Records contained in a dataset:
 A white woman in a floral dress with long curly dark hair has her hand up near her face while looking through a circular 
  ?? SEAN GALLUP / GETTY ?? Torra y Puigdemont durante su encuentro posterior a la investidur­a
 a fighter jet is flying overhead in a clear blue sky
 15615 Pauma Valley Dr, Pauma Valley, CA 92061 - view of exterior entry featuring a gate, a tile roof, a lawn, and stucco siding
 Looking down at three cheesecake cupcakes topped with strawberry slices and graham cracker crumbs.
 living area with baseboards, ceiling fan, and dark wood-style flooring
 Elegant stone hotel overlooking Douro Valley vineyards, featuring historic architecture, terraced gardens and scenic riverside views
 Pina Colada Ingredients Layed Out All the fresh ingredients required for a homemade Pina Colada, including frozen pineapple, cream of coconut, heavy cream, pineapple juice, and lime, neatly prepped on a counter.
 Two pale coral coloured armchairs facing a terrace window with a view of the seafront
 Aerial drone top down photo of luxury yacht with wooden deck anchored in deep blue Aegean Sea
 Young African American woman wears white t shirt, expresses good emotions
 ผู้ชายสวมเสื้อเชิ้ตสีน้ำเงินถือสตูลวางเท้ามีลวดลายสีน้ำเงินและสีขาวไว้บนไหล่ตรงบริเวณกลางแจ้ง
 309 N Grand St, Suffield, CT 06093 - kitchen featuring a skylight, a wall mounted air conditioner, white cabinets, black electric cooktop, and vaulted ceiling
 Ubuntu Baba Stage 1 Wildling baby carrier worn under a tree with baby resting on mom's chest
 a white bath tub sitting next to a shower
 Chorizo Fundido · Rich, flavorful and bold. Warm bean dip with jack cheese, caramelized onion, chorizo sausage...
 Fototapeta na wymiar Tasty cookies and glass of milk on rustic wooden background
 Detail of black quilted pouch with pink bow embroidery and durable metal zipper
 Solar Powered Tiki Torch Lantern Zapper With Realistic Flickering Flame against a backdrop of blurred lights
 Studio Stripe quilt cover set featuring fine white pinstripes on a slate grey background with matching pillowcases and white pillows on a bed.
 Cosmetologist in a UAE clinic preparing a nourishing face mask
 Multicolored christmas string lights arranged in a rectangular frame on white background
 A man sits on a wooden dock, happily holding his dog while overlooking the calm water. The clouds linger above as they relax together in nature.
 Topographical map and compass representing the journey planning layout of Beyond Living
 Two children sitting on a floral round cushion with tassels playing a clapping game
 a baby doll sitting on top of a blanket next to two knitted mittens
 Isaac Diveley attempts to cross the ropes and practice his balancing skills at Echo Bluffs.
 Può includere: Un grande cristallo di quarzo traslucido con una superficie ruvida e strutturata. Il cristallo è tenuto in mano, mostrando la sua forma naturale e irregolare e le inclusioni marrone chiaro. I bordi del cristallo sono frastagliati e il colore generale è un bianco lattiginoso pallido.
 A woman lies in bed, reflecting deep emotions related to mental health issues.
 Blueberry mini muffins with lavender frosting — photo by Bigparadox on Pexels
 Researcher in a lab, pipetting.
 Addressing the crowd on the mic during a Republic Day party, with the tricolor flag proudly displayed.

## [EXERCISE]
Retype the entries exactly; leave nothing out.

## [REPLY]
 A white woman in a floral dress with long curly dark hair has her hand up near her face while looking through a circular 
  ?? SEAN GALLUP / GETTY ?? Torra y Puigdemont durante su encuentro posterior a la investidur­a
 a fighter jet is flying overhead in a clear blue sky
 15615 Pauma Valley Dr, Pauma Valley, CA 92061 - view of exterior entry featuring a gate, a tile roof, a lawn, and stucco siding
 Looking down at three cheesecake cupcakes topped with strawberry slices and graham cracker crumbs.
 living area with baseboards, ceiling fan, and dark wood-style flooring
 Elegant stone hotel overlooking Douro Valley vineyards, featuring historic architecture, terraced gardens and scenic riverside views
 Pina Colada Ingredients Layed Out All the fresh ingredients required for a homemade Pina Colada, including frozen pineapple, cream of coconut, heavy cream, pineapple juice, and lime, neatly prepped on a counter.
 Two pale coral coloured armchairs facing a terrace window with a view of the seafront
 Aerial drone top down photo of luxury yacht with wooden deck anchored in deep blue Aegean Sea
 Young African American woman wears white t shirt, expresses good emotions
 ผู้ชายสวมเสื้อเชิ้ตสีน้ำเงินถือสตูลวางเท้ามีลวดลายสีน้ำเงินและสีขาวไว้บนไหล่ตรงบริเวณกลางแจ้ง
 309 N Grand St, Suffield, CT 06093 - kitchen featuring a skylight, a wall mounted air conditioner, white cabinets, black electric cooktop, and vaulted ceiling
 Ubuntu Baba Stage 1 Wildling baby carrier worn under a tree with baby resting on mom's chest
 a white bath tub sitting next to a shower
 Chorizo Fundido · Rich, flavorful and bold. Warm bean dip with jack cheese, caramelized onion, chorizo sausage...
 Fototapeta na wymiar Tasty cookies and glass of milk on rustic wooden background
 Detail of black quilted pouch with pink bow embroidery and durable metal zipper
 Solar Powered Tiki Torch Lantern Zapper With Realistic Flickering Flame against a backdrop of blurred lights
 Studio Stripe quilt cover set featuring fine white pinstripes on a slate grey background with matching pillowcases and white pillows on a bed.
 Cosmetologist in a UAE clinic preparing a nourishing face mask
 Multicolored christmas string lights arranged in a rectangular frame on white background
 A man sits on a wooden dock, happily holding his dog while overlooking the calm water. The clouds linger above as they relax together in nature.
 Topographical map and compass representing the journey planning layout of Beyond Living
 Two children sitting on a floral round cushion with tassels playing a clapping game
 a baby doll sitting on top of a blanket next to two knitted mittens
 Isaac Diveley attempts to cross the ropes and practice his balancing skills at Echo Bluffs.
 Può includere: Un grande cristallo di quarzo traslucido con una superficie ruvida e strutturata. Il cristallo è tenuto in mano, mostrando la sua forma naturale e irregolare e le inclusioni marrone chiaro. I bordi del cristallo sono frastagliati e il colore generale è un bianco lattiginoso pallido.
 A woman lies in bed, reflecting deep emotions related to mental health issues.
 Blueberry mini muffins with lavender frosting — photo by Bigparadox on Pexels
 Researcher in a lab, pipetting.
 Addressing the crowd on the mic during a Republic Day party, with the tricolor flag proudly displayed.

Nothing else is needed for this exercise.